The terms, agreed under the 2015 Paris Agreement, have been strongly criticised by US President Donald Trump as a hindrance to economic and energy interests.

Paris Agreement 2015, world Leaders convening. Image by Presidencia de la Republica Mexicana via Wikimedia Commons

One of the criticisms levelled at climate change legislation has been that it makes Western industry less competitive in the face of growing rivalry between the West and countries such as China and India, as the latter states don’t have to curtail their emissions.

That’s Trump tweeting in 2012. China, with its enormous population, is in fact the world’s biggest polluter, followed by the US, India and Russia.

Carbon Credits and EU Targets

A carbon credit is a permit which allows a country to produce a certain amount of emissions and trade the remainder if they are not used.

If a country does not use its full allowance, they can either save the remaining permits for next time or sell them to a country that has exceeded its limit on the market.
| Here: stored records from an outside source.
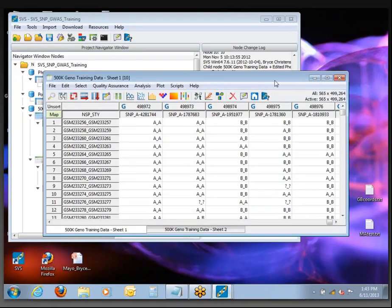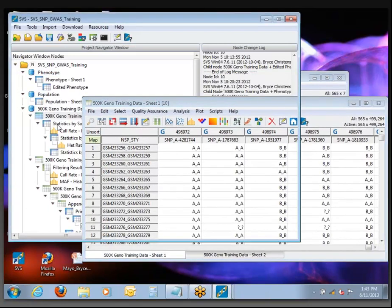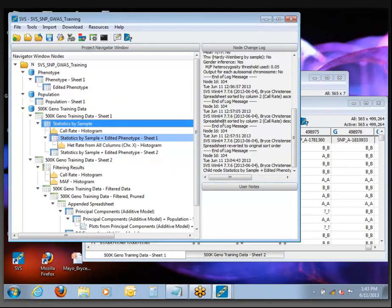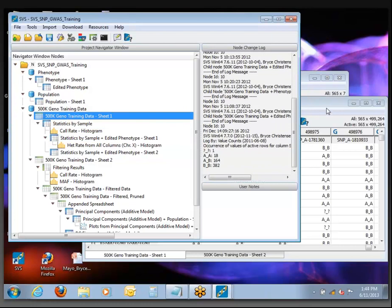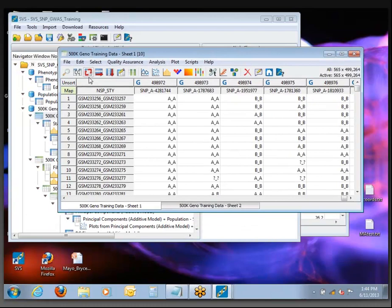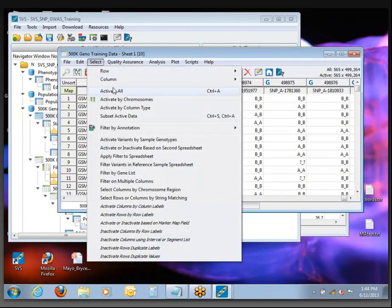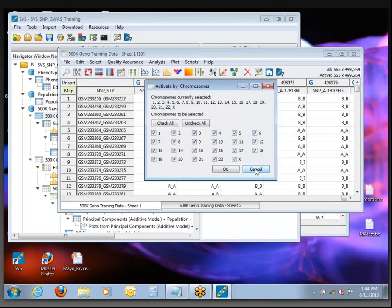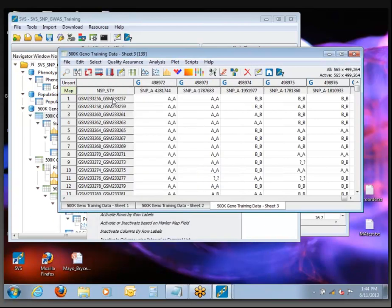That already has everything activated because I ran Statistics by Sample on it. If you don't have this first original spreadsheet with all rows and columns active, the way you can reactivate everything is either to use Ctrl-A keyboard shortcut, or in the Select menu, Activate All — we'll just turn everything on.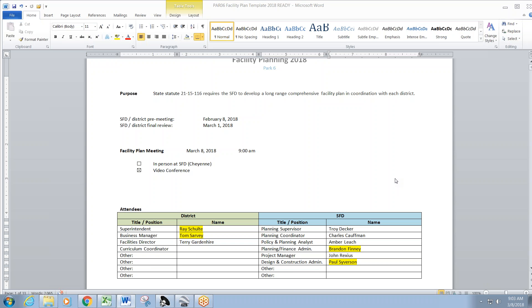Okay, so this is part 6, 2018 facility plan meeting with the state construction department and the school facilities division of that department. We'll introduce ourselves first. Amber Leach planning. Go ahead school district, introduce yourselves.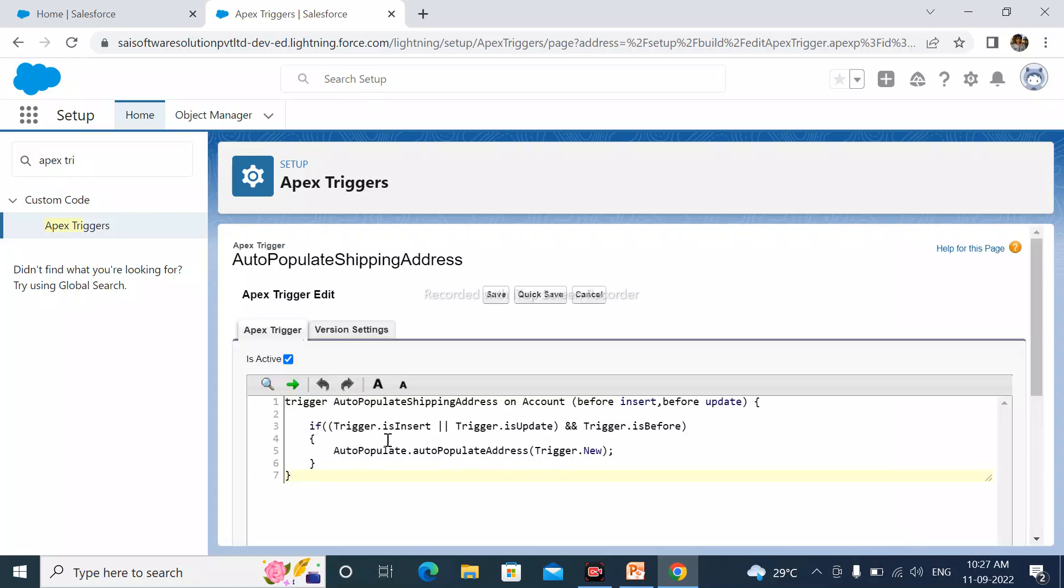Here we can see that, each active checkbox is marked. Simply click here and save.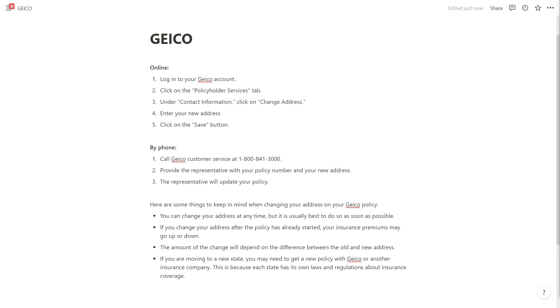If you are moving to a new state you may need to get a new policy with GEICO or another insurance company. This is because each state has its own laws and regulations about insurance coverage.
Due to economic disparity across the European Union, not all targets are the same, with differing limits according to national wealth.   

Coal Factory in Germany. Image by Sebastian Schluter via Wikimedia Commons

For example, states like Bulgaria and Romania are permitted to increase the amount of emissions they produce by 20% and 19% respectively, but countries such as Ireland, Luxembourg and Denmark are expected to cut their levels by the same figure.
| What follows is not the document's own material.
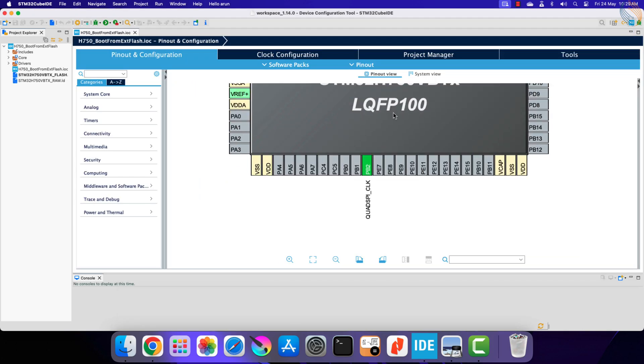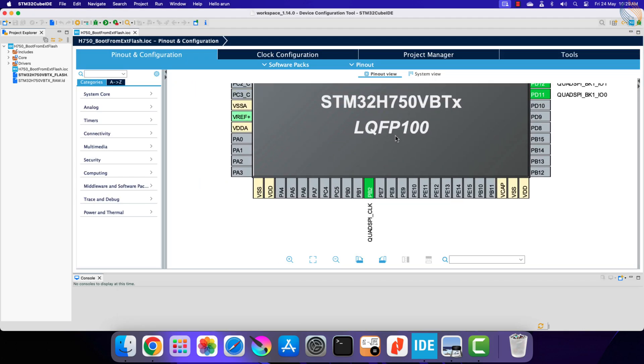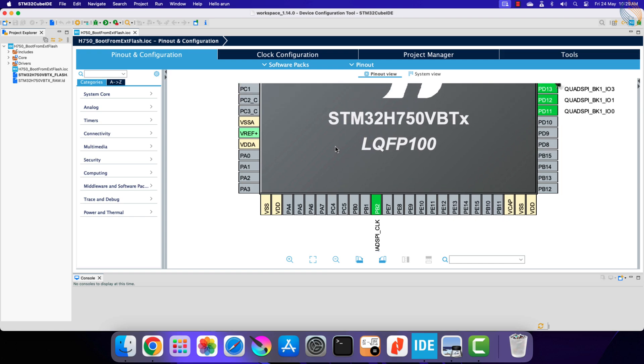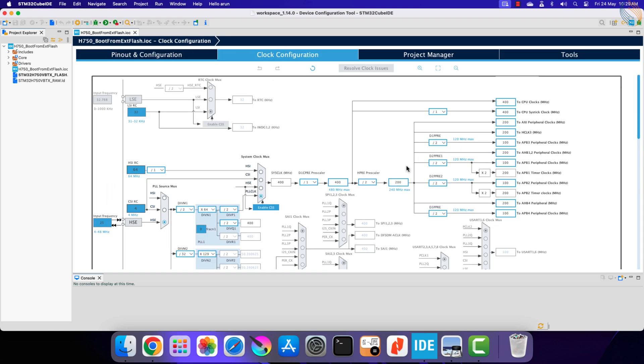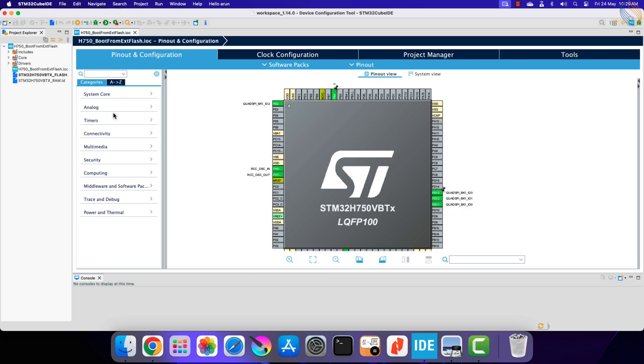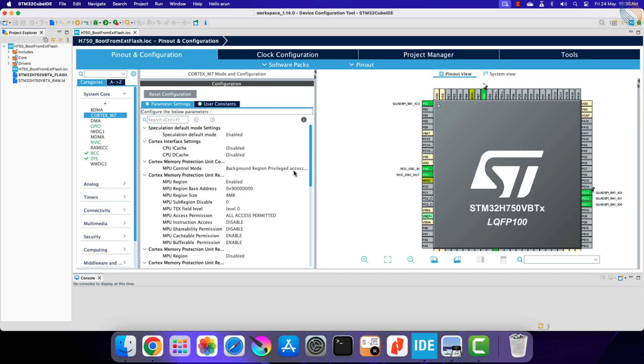Alright our basic setup is already here, which includes the clock setup and the quad SPI setup. We only need to reconfigure the MPU.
In the event that one of the former states (Bulgaria or Romania) fall below this percentage (but still manage an overall increase) and Ireland fails to hit its own reduction figure, the Irish government might be forced to buy carbon credits from these governments.

The Irish state was previously allowed to increase its emissions from 1990 levels to 2010 but this figure was capped under the Kyoto protocol.

Future Goals

Ireland will be unable to achieve the targets enacted in EU legislation by 2020; however, this is not the only environmental milestone that the nation is expected to arrive at, with more to come after that.
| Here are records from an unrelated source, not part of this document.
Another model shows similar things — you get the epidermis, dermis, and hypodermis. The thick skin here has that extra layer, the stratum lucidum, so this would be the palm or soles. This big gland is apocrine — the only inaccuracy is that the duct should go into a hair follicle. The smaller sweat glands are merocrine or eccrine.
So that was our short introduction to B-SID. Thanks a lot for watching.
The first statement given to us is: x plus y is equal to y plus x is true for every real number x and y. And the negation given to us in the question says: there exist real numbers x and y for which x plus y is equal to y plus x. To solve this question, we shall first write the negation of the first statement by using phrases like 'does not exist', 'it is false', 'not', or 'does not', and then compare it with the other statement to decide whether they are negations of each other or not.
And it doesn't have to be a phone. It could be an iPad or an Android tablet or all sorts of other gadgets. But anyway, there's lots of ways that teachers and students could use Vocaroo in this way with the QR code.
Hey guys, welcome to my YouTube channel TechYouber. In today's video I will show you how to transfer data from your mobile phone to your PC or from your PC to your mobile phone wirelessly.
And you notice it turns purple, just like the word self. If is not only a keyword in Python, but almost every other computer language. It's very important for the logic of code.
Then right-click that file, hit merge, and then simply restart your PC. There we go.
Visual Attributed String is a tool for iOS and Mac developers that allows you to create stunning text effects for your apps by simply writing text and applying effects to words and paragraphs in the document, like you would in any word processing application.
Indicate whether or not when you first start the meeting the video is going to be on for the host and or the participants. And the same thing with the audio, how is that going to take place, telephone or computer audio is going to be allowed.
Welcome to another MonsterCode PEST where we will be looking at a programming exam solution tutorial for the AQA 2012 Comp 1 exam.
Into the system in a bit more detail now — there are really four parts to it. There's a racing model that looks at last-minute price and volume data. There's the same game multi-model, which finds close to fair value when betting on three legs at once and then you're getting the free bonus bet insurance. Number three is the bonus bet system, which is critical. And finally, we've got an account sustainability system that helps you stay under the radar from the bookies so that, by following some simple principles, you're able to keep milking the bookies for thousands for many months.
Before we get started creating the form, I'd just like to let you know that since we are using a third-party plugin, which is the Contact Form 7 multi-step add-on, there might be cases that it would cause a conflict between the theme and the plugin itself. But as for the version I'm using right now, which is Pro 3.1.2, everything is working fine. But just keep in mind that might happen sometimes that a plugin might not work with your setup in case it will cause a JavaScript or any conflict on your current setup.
By 2030, a further reduction of 30% is expected relative to 2005 levels.  

Speaking on the issue, EU Commissioner for Climate Action and Energy Miguel Arias Cañete stated:

“The EU has an ambitious emissions reduction target, one I am convinced we can achieve through the collective efforts of all Member States. The national binding targets we are proposing are fair, flexible and realistic.

“They set the right incentives to unleash investments in sectors like transport, agriculture, buildings and waste management. With these proposals, we are showing that we have done our homework and that we keep our promises.”

Wind turbines. Image by Kenueone via Wikimedia Commons

By 2050, Ireland is expected to shelve emissions between 80% and 95% compared to 1990 levels.

Agriculture, which the EPA highlighted as a problem area, still accounts for 8.6% of employment and over €12 billion in exports to the Irish economy.

Meanwhile, the private car remains the dominant form of transport. However, there has been an uptake in the number of bikes used in big cities such as Cork, Limerick, Galway and Dublin.

All things considered, Ireland is going to face an uphill struggle in attaining all of its current climate change goals and is likely to suffer significant fines in the process.